The value to the Federal government of access to Australian health data increases significantly when it links to other data it holds on Australians and it appears to be on course to do just that.
- The Australian Bureau of Statistics, on its website, says “The combination of Census data and health data can help improve Australia’s understanding and support of people who require mental health services and assist with the design of better programs of support and prevention.”, and
- The Australian Tax Office has stated it wants “increased sharing and use of personal data held by Government”. It has made this recommendation 1.1, which gives an indication of the importance of the matter.
- And then there’s the reality of the retention of telecommunications metadata. The report says that twenty government agencies have access to metadata.
Information on a person’s health is highly personal and can be used to help in their healthcare but also against the person. There are examples in the section on why you may consider opt-ing out of My Health Record, Health data is highly attractive to hackers who may be able to use the data to steal someone’s identity, blackmail them or invade their privacy for all sorts of reasons.
Here is an example of a media report on the value of health data to hackers:
“Electronic health records are 100 times more valuable than stolen credit cards,” said James Scott, co-founder and senior fellow at the Institute for Critical Infrastructure Technology (ICIT).
Hacking Health Care Records Reaches Epidemic Proportions
Here’s a suggestion. Instead of building an expensive, dangerous, privacy risky, Federal Government owned Patient Health Record System with hidden extras, why not just make parts of GP electronic Medical Record systems accessible by the GP’s patients?
Like they have done in the UK.
The government should concentrate on real infrastructure functions like
- a proper health authentication capability – the existing one is a pale shadow of what was intended. Individual health professionals cannot be identified, institutions are not necessarily uniquely identified – an institution can be a whole group of hospitals, or even a whole state.

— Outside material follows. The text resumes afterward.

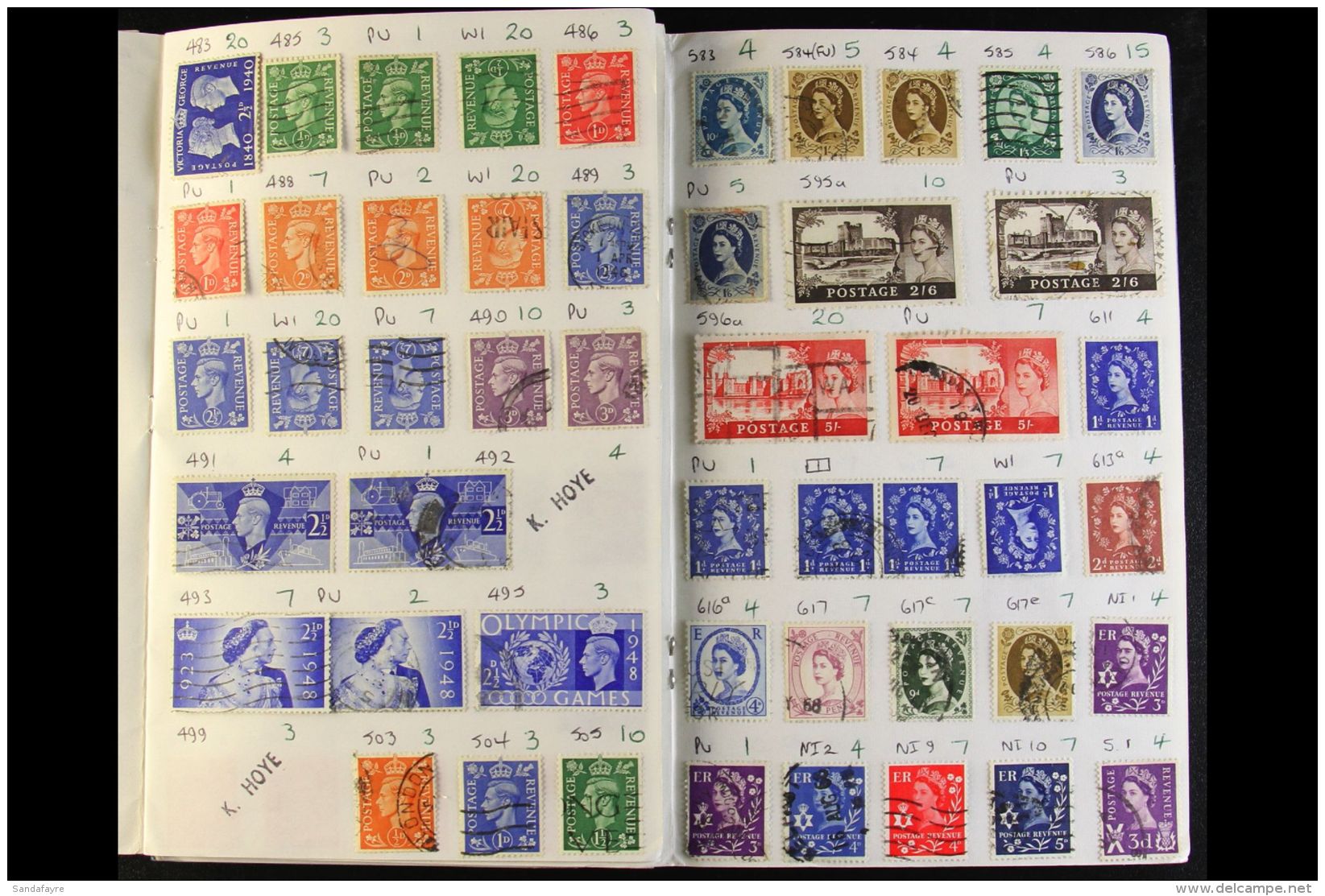 CIRCUIT BOOK HOARD An Extensive KGVI - QEII MINT/NHM &amp; USED RANGE In A Pile Of "Picked" Stamp Club Circuit... - Other & Unclassified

- a secure health messaging system,
- and an indexing system that records where health data is, but doesn’t take copies of it all.
The big questions are these:
- What is the medical justification of the Federal Government holding such large amounts of health data on every Australian? The Federal Government plays very little part in te delivery of health service – this is a state matter.
- Why does the patient oriented health record contain vast amounts of clinical data that is no interest or use to the patient?
- Why is the Federal government being deceptive in selling My Health Record as a patient oriented system when it is obviously far more than that.